I mostly agree with this, but my impression from both a few comments in this thread, the prior thread, and my offshoot thread about standardizing on how to hash directories is that people care about cases beyond lockfiles existing in the same “cone”, with this in mind, I think there’s two options:
include the hash, allowing support for directories other than the one where the lockfile exists.
don’t include the hash, only allow files from the same directory under the trust principle you laid out.
The case I don’t want to see be possible is one where installers allow outside sourcing outside the directory without a hash.
I do think there’s both security and non-security benefits to hashing the directories even with the current directory limitation, but the security ones on that narrow combination are defense in depth/ease of security tooling arguments that many have not always found persuasive.
The ease of tooling one applies to non-security stability/reproducibility cases as well, though I agree with you in theory here as well:
I’m aware that reality isn’t always so neat, and that it’s much easier to say that from an experienced perspective, and that many people are not going to understand why that’s such a common recommendation, especially if they haven’t had to deal with it from the perspective of a security or regulation background and are just doing what works and what has worked up until now… in that respect, we should want any obvious solution on the user side to not have an associated trap.
Agreed on these two options, and it’s entirely pragmatism that helps me land on the latter:
a hash in the lockfile likely doesn’t remove the need/desire/requirement to validate the loose files anyway
calculating the hash is complex and expensive (and hence, probably error-prone)
the scenario (loose files from outside) doesn’t seem likely to arise that often[1]
actual instances of this scenario (e.g. using a directory of loose wheel files in preference to a remote index) are covered by single file hashes
alternative approaches (create a package) are likely better in other ways (e.g. portability, familiarity)
So both options are certainly valid, but I think the cost/benefit leads us to not worrying about making hashes for loose directories part of the interoperability spec.
There’s a monorepo scenario for sure, but all the monorepos I’ve ever worked with have ended up with custom tooling for other reasons. Integrating your custom editable installs into that tooling seems reasonable - lockfiles aren’t trying to replace this aspect. ↩︎
I think this question is still sort of unresolved, and resolving it requires that the PEP think about what interoperability means for the lockfile… If we want uv to be capable of installing a lockfile that’s been generated by Poetry, how do users tell uv “what to install”?
The lowest common denominator thing would be: to implement the spec, an installer MUST support installing a group by name. That’s really straightforward, and maybe it’s what we want? But it’s also sort of “low level”. For example, I wouldn’t expect uv users to type things like uv lock-install --group "root~test" to install the test group from the root project’s pyproject.toml file – I’d expect them to use uv sync --package root --group test or even uv sync --group test if it’s unambiguous. So most uv users wouldn’t be using the “standardized” API (to the degree that such an API exists) if they’re living entirely within the uv workflow, but they could still use uv to install from a lockfile generated by any tool with a little more effort (figuring out the name and typing it out).

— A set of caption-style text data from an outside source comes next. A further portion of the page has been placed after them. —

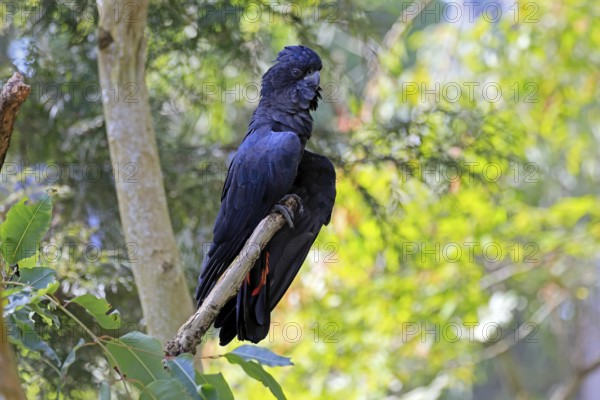 Red-tailed Cockatoo (Calyptorhynchus banksii), Banks' Cockatoo, adult, male, perch, alert,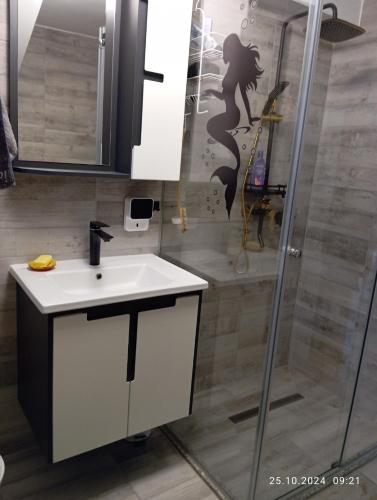 a bathroom with a sink and a shower at WallerKarpfenBosnien in Šiljkovača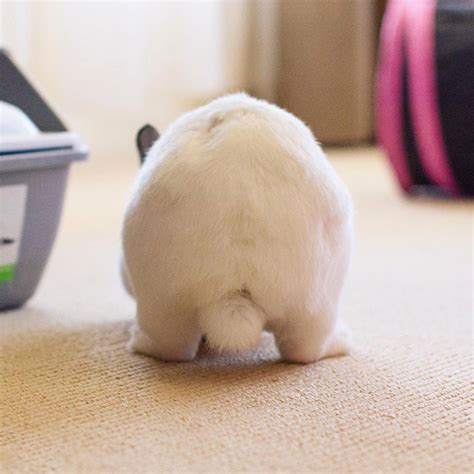 World’s Greatest Gallery Of Bunny Butts
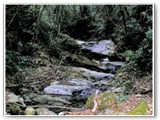 Giochi d'acqua nel Botro dell'Arancio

(I kind of think that’s fine, but as-is it feels unaddressed.)
Anything more than that, and I think we need to be more opinionated about a lot of the concepts. For example, we arguably would need to define how groups are named or something like that, so that uv and Poetry and other tools could commonly translate commands like uv sync --package root --group test into lockfile lookups. But even then, I’m not sure how this would generalize to things like “resolving the lowest and highest versions in a single lockfile”, which is a current goal.